▶ [Exercise data]:
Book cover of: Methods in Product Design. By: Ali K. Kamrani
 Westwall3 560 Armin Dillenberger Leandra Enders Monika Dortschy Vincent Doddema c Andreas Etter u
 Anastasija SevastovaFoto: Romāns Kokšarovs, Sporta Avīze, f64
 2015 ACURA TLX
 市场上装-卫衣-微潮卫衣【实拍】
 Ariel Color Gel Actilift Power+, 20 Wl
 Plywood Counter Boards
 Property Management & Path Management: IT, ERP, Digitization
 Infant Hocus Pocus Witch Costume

▶ [What to work on]:
Return the listing word for word.

▶ [Answer below]:
Book cover of: Methods in Product Design. By: Ali K. Kamrani
 Westwall3 560 Armin Dillenberger Leandra Enders Monika Dortschy Vincent Doddema c Andreas Etter u
 Anastasija SevastovaFoto: Romāns Kokšarovs, Sporta Avīze, f64
 2015 ACURA TLX
 市场上装-卫衣-微潮卫衣【实拍】
 Ariel Color Gel Actilift Power+, 20 Wl
 Plywood Counter Boards
 Property Management & Path Management: IT, ERP, Digitization
 Infant Hocus Pocus Witch Costume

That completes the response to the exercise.